**Dataset content**
────────────────

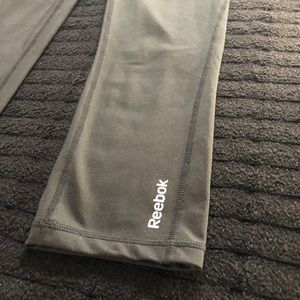Reebok Pants - Black Reebok Athletic Stretch Capri Pants Reebok Pants - Black Reebok Athletic Stretch Capri Pants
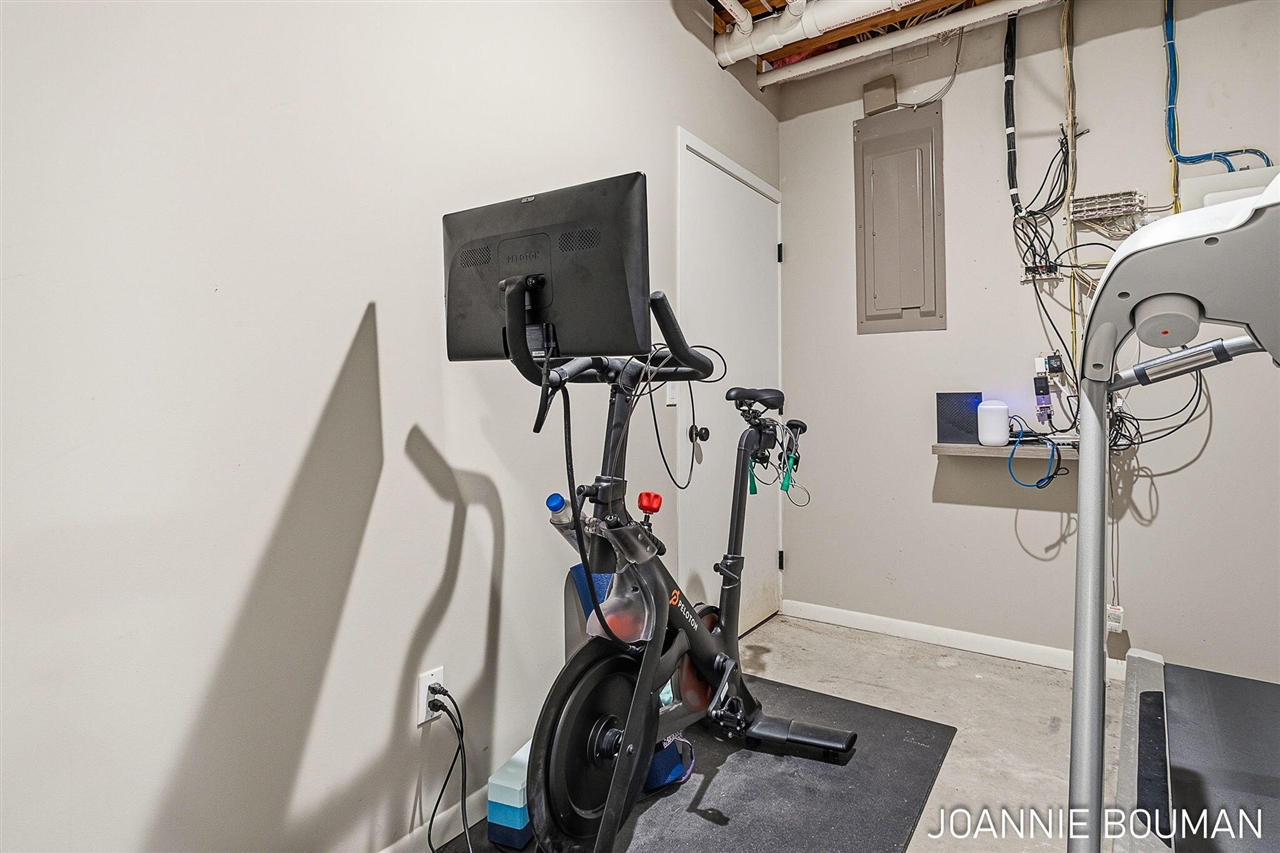main property photo 50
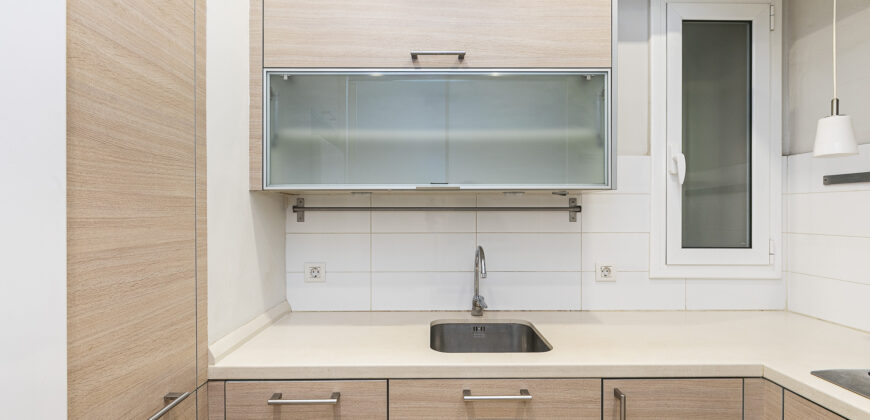 Coqueto piso de diseño con bonitas vistas de la Sagrada Familia. OPORTUNIDAD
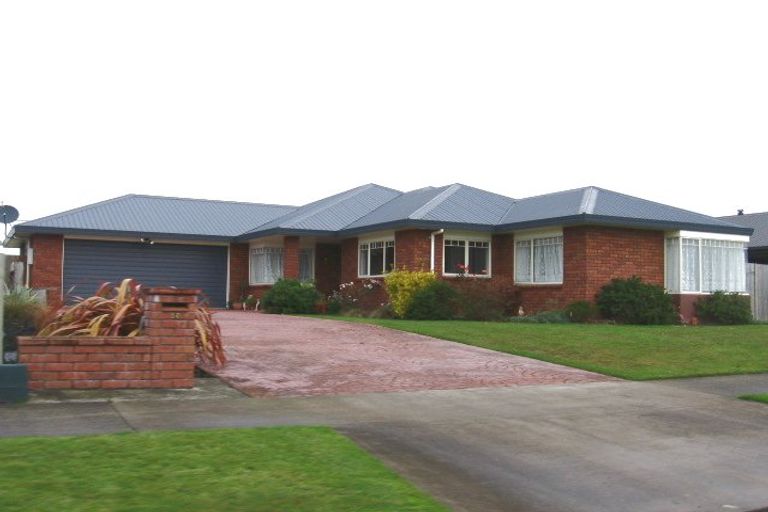 Photo of property in 18 Fernlea Avenue, Kelvin Grove, Palmerston North, 4414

────────────────

**Task to carry out**
Print every line above exactly as given, but not the pictures.

**Answer**
Reebok Pants - Black Reebok Athletic Stretch Capri Pants Reebok Pants - Black Reebok Athletic Stretch Capri Pants
main property photo 50
 Coqueto piso de diseño con bonitas vistas de la Sagrada Familia. OPORTUNIDAD
 Photo of property in 18 Fernlea Avenue, Kelvin Grove, Palmerston North, 4414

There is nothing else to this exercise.